13. Pour condamner la locataire à payer aux bailleurs une certaine somme au titre de la réparation des dégradations commises durant son occupation des lieux, l'arrêt retient que l'absence de devis de travaux de réparation ou le fait que les bailleurs aient réalisé le cas échéant une plus value lors de la vente du bien immobilier sont inopérants sur le droit à indemnisation des bailleurs qui est la conséquence de l'inexécution par la locataire de son obligation de réparations locatives.

14. En statuant ainsi, au seul motif de l'inexécution des réparations par la locataire, sans constater qu'un préjudice pour les bailleurs était résulté de la faute contractuelle de la locataire, la cour d'appel a violé les textes et principe susvisés.

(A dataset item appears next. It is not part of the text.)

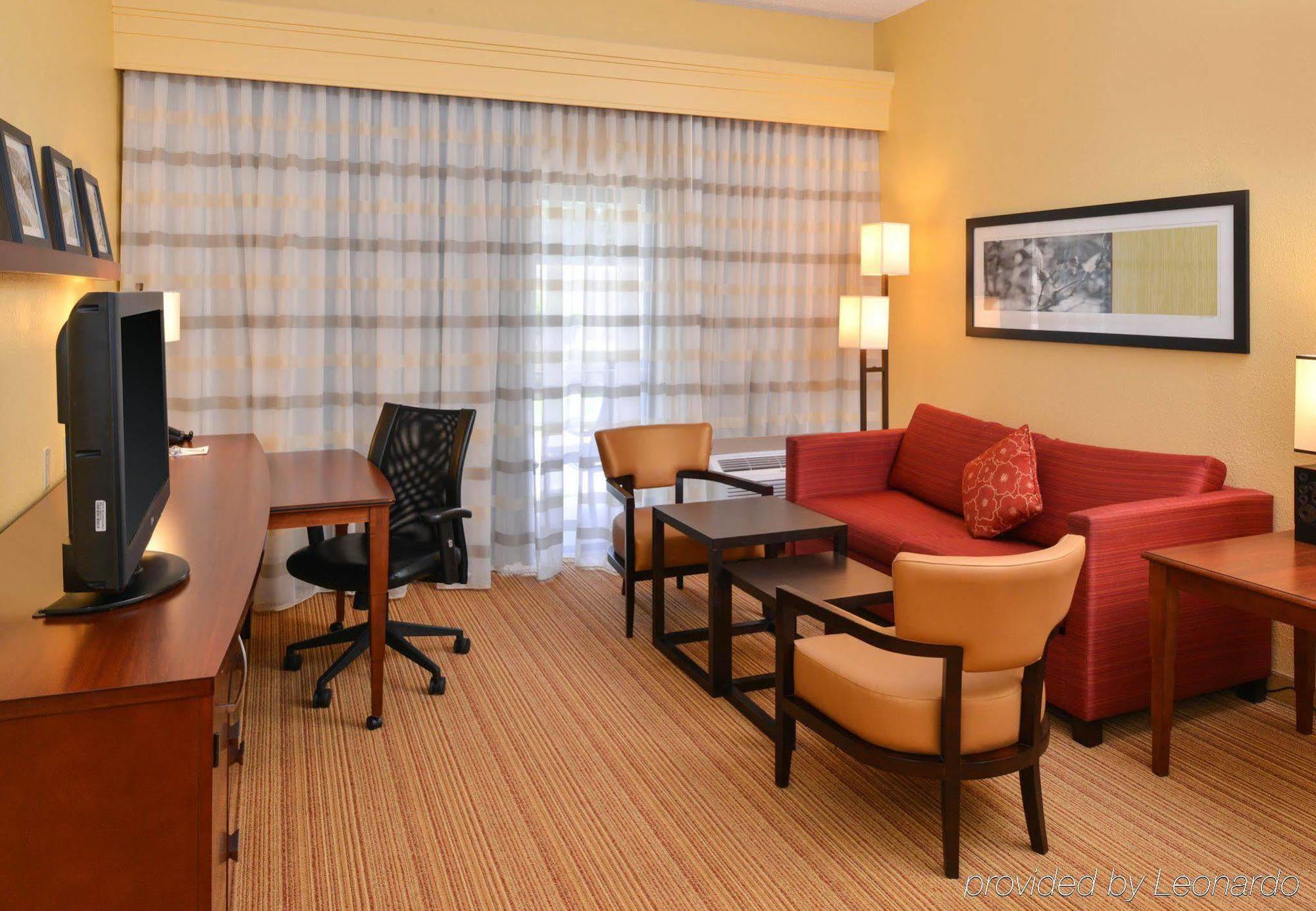 Courtyard By Marriott Columbia Northeast/Fort Jackson Area Exterior foto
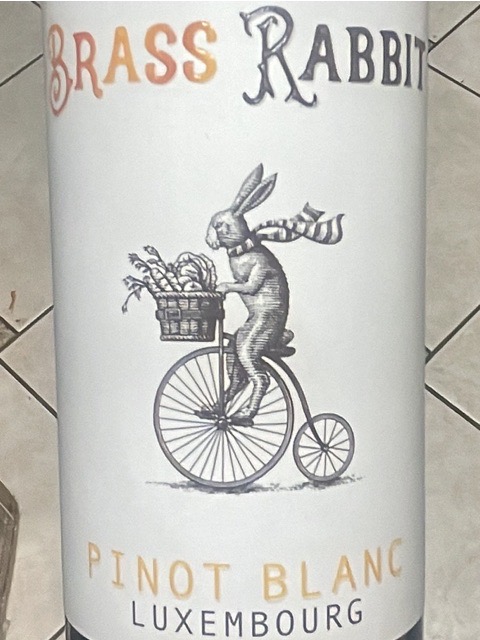 Brass Rabbit - Pinot Blanc - N.V.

PAR CES MOTIFS, et sans qu'il y ait lieu de statuer sur l'autre grief, la Cour :

CASSE ET ANNULE, mais seulement en ce qu'il infirme le jugement en ce qu'il a condamné la société Carrefour proximité France à verser aux consorts [R] la somme de 53 799,21 euros et en ce qu'il a dit que cette somme serait payée par le dépôt de garantie que Ad [C], [F] et [E] [R], MM. [M] et [A] [R] et M. [J] pourraient conserver et en ce que, statuant à nouveau, il dit que la société Carrefour proximité France est redevable envers Ad [C], [F] et [E] [R], MM. [M] et [A] [R] et M. [Ag] de la somme de 10 000 euros en réparation du préjudice causé par les dégradations commises durant son occupation des lieux, dit que cette somme sera déduite du montant du dépôt de garantie qui a été conservé à hauteur de 53 799,21 euros par Ad [C], [F] et [E] [R], MM. [M] et [A] [R] et M. [Ag] et condamne, en conséquence, solidairement Ad [C], [F] et [E] [R], MM. [M] et [A] [R] et M. [Ag] à restituer à la société Carrefour proximité France la somme de 43 799,21 euros au titre du dépôt de garantie, l'arrêt rendu le 15 juin 2022, entre les parties, par la cour d'appel de Paris ;

Remet, sur ces points, l'affaire et les parties dans l'état où elles se trouvaient avant cet arrêt et les renvoie devant la cour d'appel de Paris autrement composée ;

Condamne Mmes [C], [F] et [E] [R], MM. [M] et [A] [R] et M. [Ag] aux dépens ;

En application de l'article 700 du code de procédure civile🏛, condamne Mmes [C], [F] et [E] [R], MM. [M] et [A] [R] et M. [Ag], in solidum, à payer à la société Carrefour proximité France la somme de 3 000 euros ;

Dit que sur les diligences du procureur général près la Cour de cassation, le présent arrêt sera transmis pour être transcrit en marge ou à la suite de l'arrêt partiellement cassé ;

Ainsi fait et jugé par la Cour de cassation, troisième chambre civile, et prononcé le vingt-sept juin deux mille vingt-quatre, par mise à disposition de l'arrêt au greffe de la Cour, les parties en ayant été préalablement avisées dans les conditions prévues au deuxième alinéa de l'article 450 du code de procédure civile🏛.